/MNM

List of programs that facilitate extraction and processing of MUMmer data

Primary LanguagePython

READ ME

Here are the general descriptions for each of the programs I developed/modified for use in the lab. We have three categories: String extraction, string manipulation, and data visualization. The first two are available in PERL or Python versions, and the data visualization is written in R. Each program has a help option "-h" if it can be run from the command line.

+++String Extraction Tools+++

Repository for codes used to extract sequences from single or multiFastA files. All programs listed below contain a help section and usage information. Summary for each program is listed here.


  1. Seqstracter: Extracts sequence data from a file by specifying scaffold number, start, and end poisitions. Useful for extracting small sequences rapidly.

  1. Multiseqstracter: Extracts sequence data by using the file.coords output from MUMmer. Set identity to 90% and Tabular format when extracting data through show-coords. Useful for extracting large amounts of sequences for a single specified isolate.

  1. MegaMultiSeqstracter: Extracts sequence data in the same way as MultiSeqstracter, but uses an isolate file where each isolate is listed on a single line within.

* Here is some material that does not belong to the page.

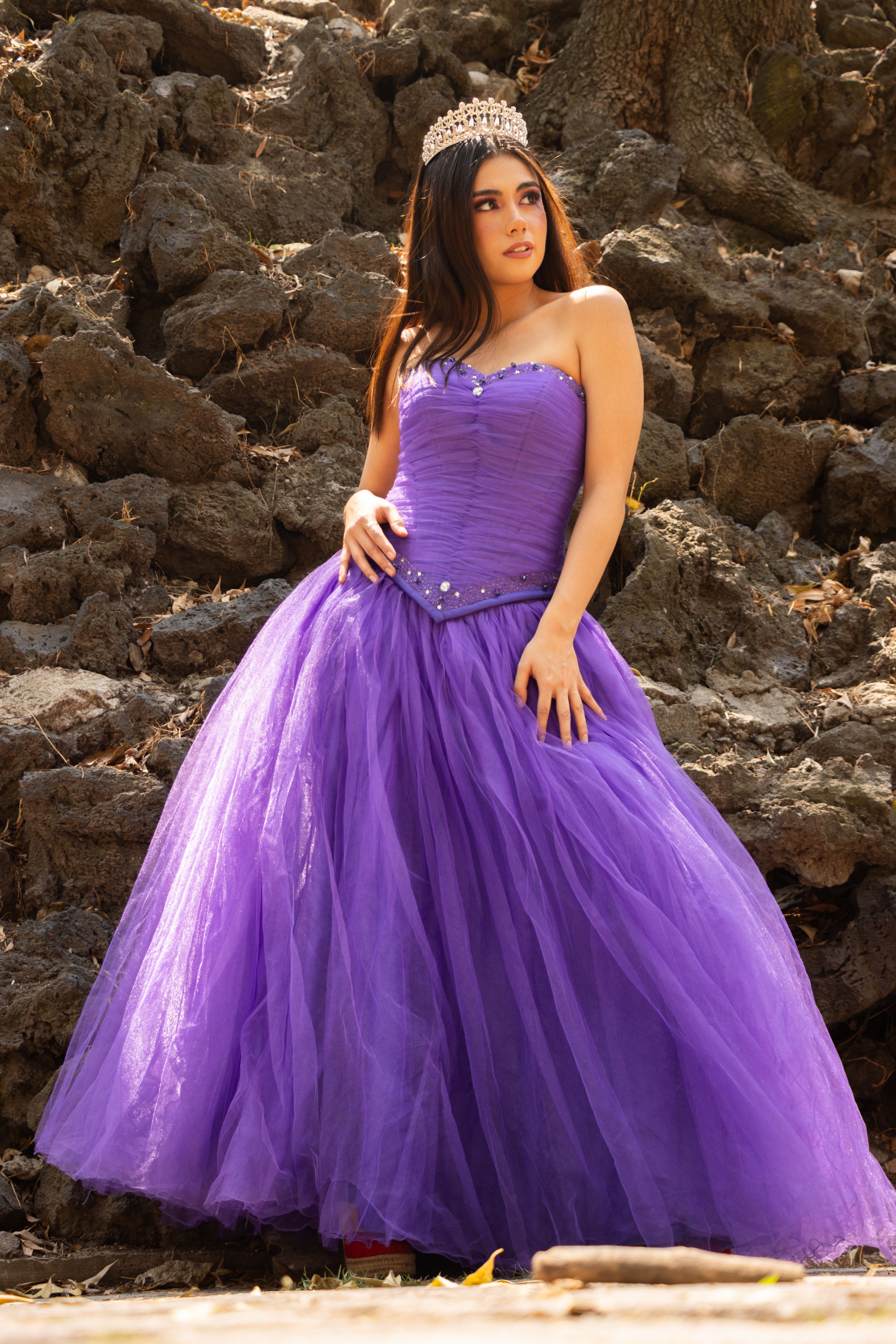 Elegant Woman in Purple Ball Gown Outdoors · Free Stock Photo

Useful for extracting multiple genes for many different strains. Caution: Extremely time consuming (~2-3 min to run) try to limit these to under 100 genes per isolate.

  1. RandoPuller: Tool designed to pull genes at random from a specified gene file. Each line should only contain a single gene. Useful for situations where a large dataset limits analysis. User can specify a number of genes for the program to search for although it gets unreliable as the input number exceeds half of the genes in the file.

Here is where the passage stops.